17,000 BP



Archeological sites for this period are missing. The sites that we know of such as the aurignacian sites and Dolni Vestonice no doubt continued to be used, but we don’t have sites that could be the pre-cursors to Gobeckli Tepi, built around 12,000 BP. Where are the sites containing mankind’s first experiments in stone construction?

Throughout the development of mankind, indeed the development of all homimins, they took advantage of marine food sources as well as those on land. The practice of the majority of humans living close to the sea probably developed when homo-erectus evolved and hominins separated from the apes. The consensus amongst those who study human evolution is now rapidly moving to the belief that the evolution of an upright stance and bipedalism was as a result of these early hominins wading in rivers and the sea to gather selfish and any slow-moving fish or molluscs they could catch. When hominids migrated around the world they followed the coasts. Living close to the sea and rivers will have become an embedded part of human behaviour. We know from the shells in Dolni Vestonice that they traded with people living on the coast.

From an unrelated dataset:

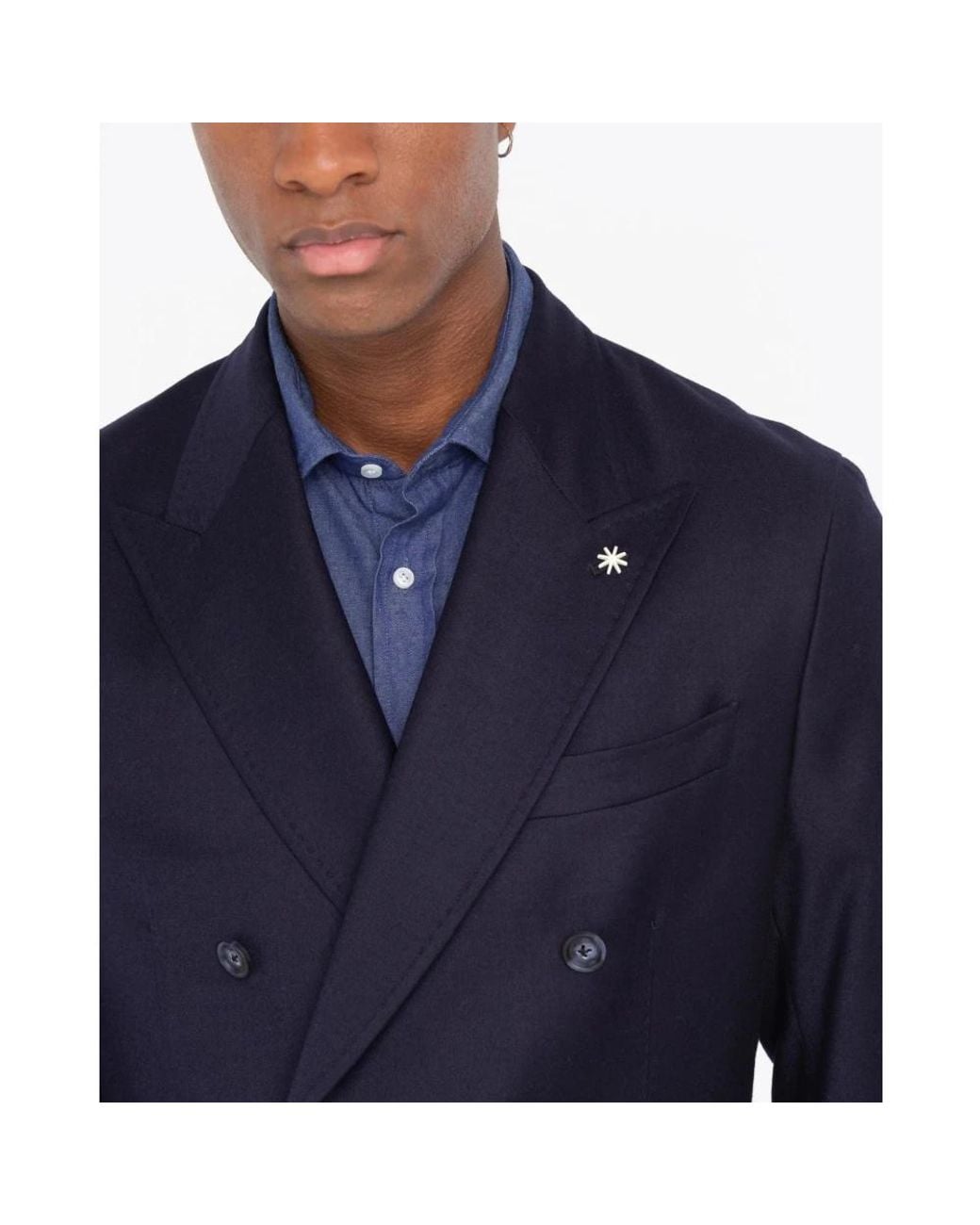 Manuel Ritz Blue Blazers for men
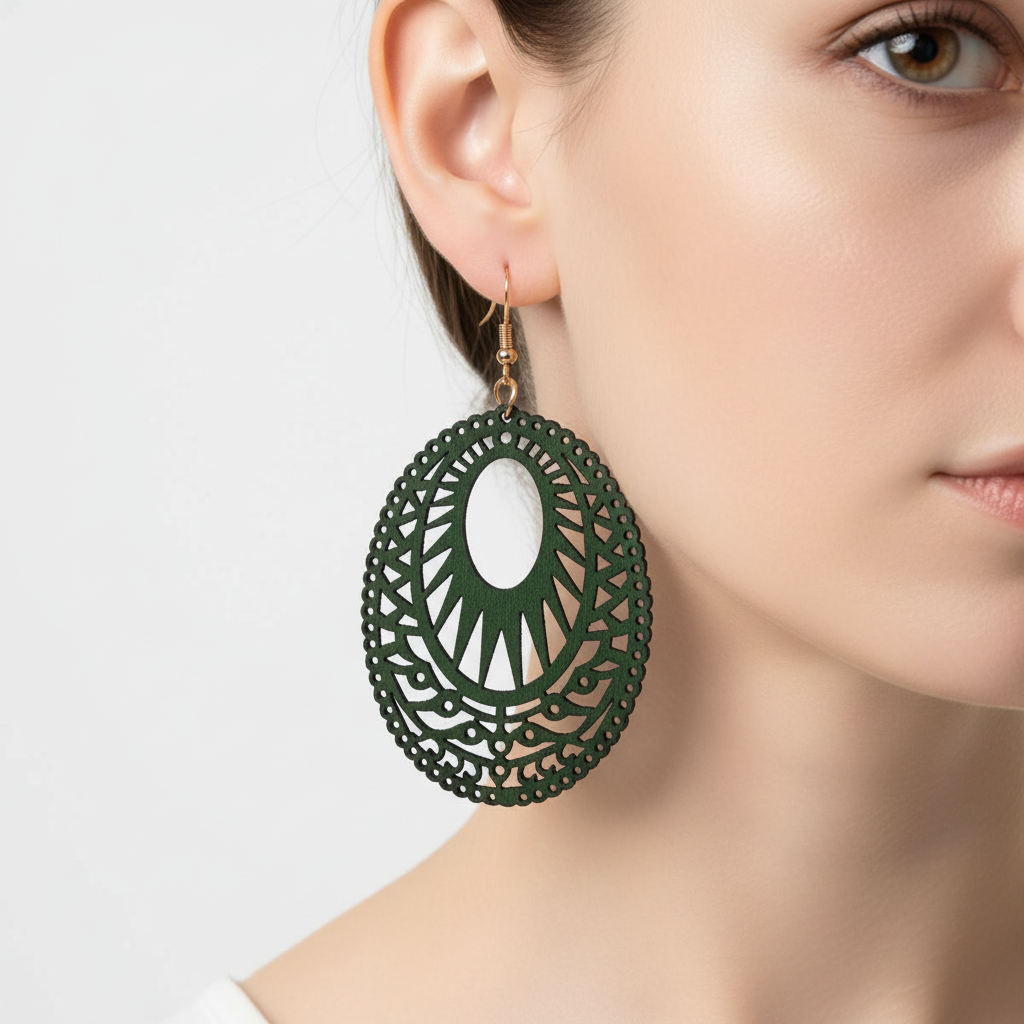 Hollow Wooden Earrings - WoodVibe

The problem of course is that by 17,000 BP a lot of water was still locked up in the ice of the last glacial maximum. Melting has started by 17,000 BP but only slowly, so sea-level will still have been 200 to 300 feet lower than it is today. Coastal settlements then will now be under the sea. It is hardly surprising that archeologists concentrate on sites that they can find on land rather than those under the sea. But doing so completely skews the picture of what human civilisation looked like across the world in this period.

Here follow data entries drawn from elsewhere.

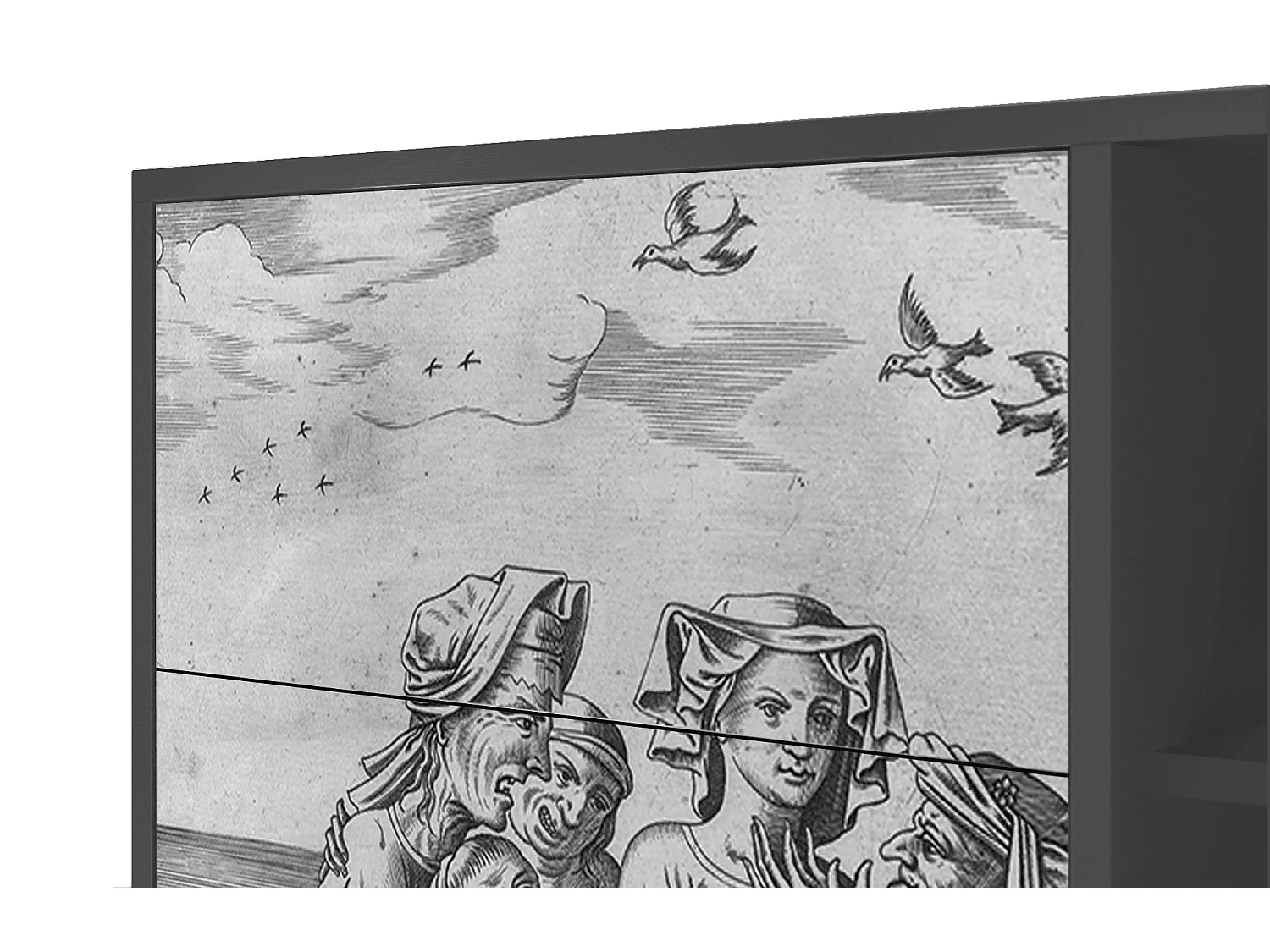 Buffet - 125x98x48 cm - BS2 - Blau Schuyte, Anthracite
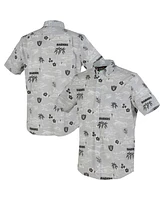 Reyn Spooner Men's Silver Las Vegas Raiders Kekai Performance Button-Down Shirt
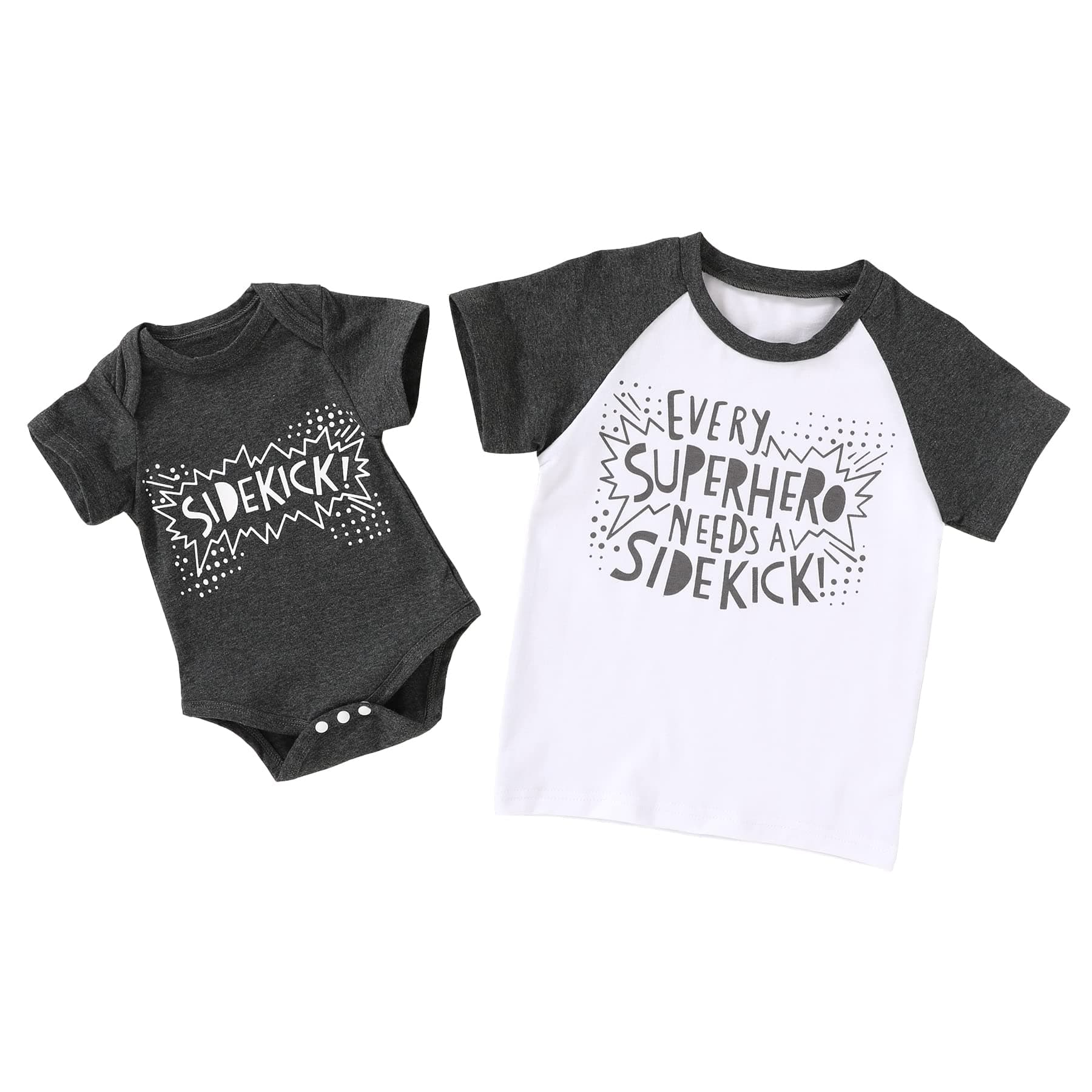 JEELLIGULAR Baby Boy Sibling Shirts Romper Big Brother Long Sleeve T-Shirt & Little Brother Bodysuit Matching Outfits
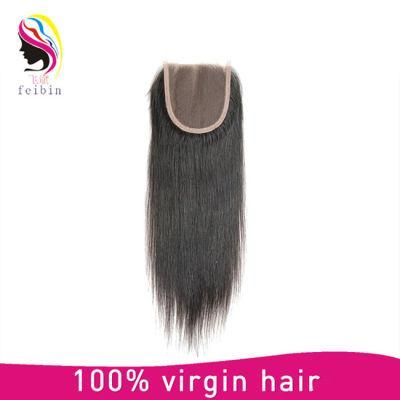 Factory Cheap Brazilian Human Hair Virgin 4*4 Lace Closure
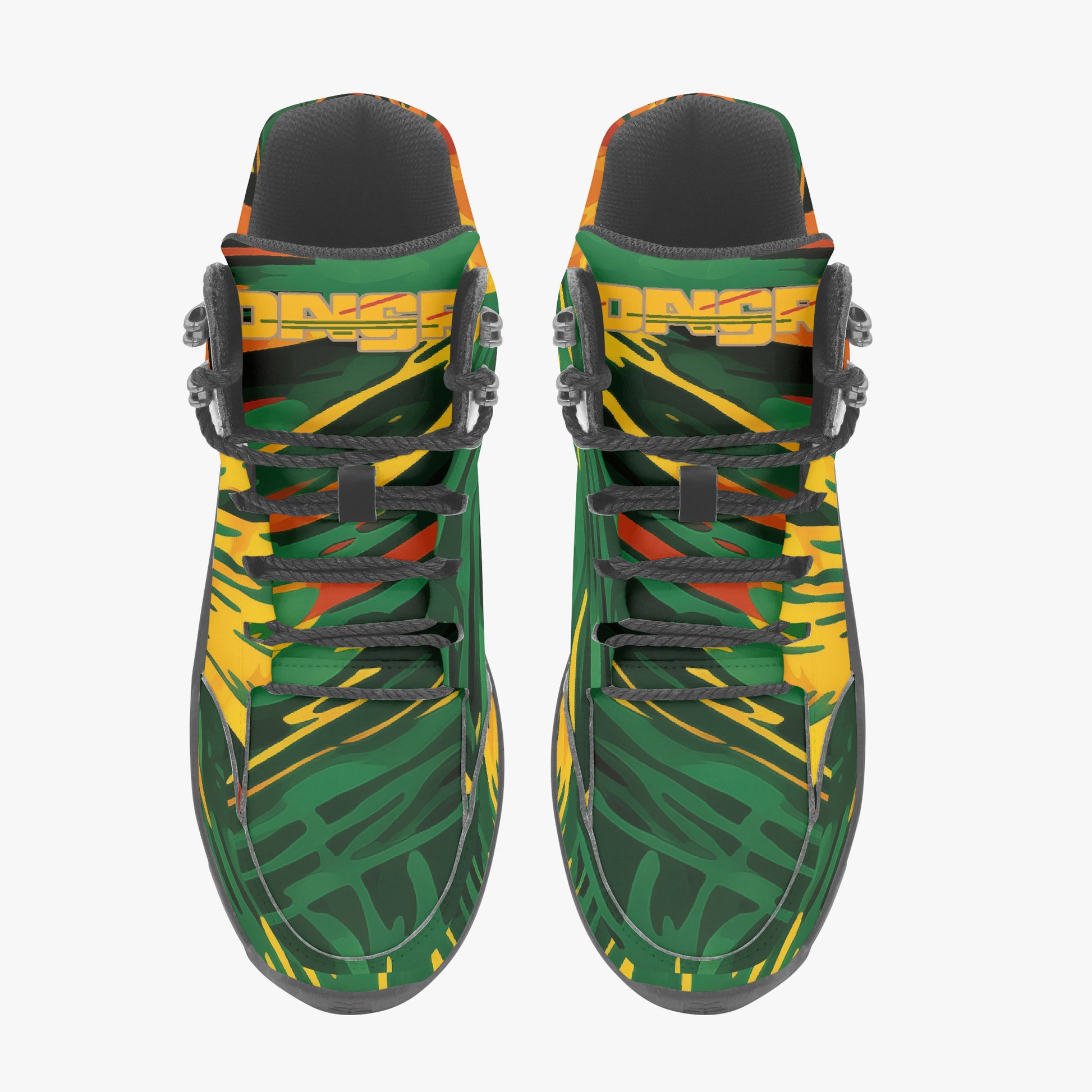 Unisex Classic Hiking Boots - DANGR Jungle Strike outsole view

If civilisations and early townships or even cities developed in this period, it is very likely their locations are now under the sea and inaccessible to archeologists. If the current coast is on a continental shelf it will many miles from where the coast used to be. If it is at a place where the land dips steeply into the sea, such as Norway, then this would also have made the location not so easy for humans. Hunting on steep hillsides is not as easy as in places where animals can be more easily encircled.

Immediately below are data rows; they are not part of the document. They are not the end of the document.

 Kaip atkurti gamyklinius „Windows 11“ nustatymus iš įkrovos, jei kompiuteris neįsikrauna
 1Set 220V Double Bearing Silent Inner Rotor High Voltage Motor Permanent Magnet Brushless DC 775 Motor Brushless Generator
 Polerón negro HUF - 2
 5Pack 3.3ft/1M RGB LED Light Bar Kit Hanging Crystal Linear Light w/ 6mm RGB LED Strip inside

From 17,000 BP down to 13,000 BP the coastlines continually moved as the ice cover of the earth reduced. Any archeological sites now on the coast will date from after 13,000 BP.

The challenge in this alternative history is to create the picture of what civilisations across the world looked like in this period. In doing this, I must pay tribute to Graham Hancock and his book Underworld, which is the first major work to endeavour to paint this picture.

However as well as asking where civilisations might have developed that are now drowned, it is also sensible to ask whether there was maritime activity also happening. If people from the mediterranean coast took oysters the hundreds of miles inland to Dolni Vestonice, were they bringing back to the coast other things that they could trade by sea? The obvious candidate to look at is obsidian which is hugely useful and only occurs in a few places. But we must also not forget that at a later period good flint from Grimes Graves was being traded widely across Europe, which would have involved at least an initial sea passage.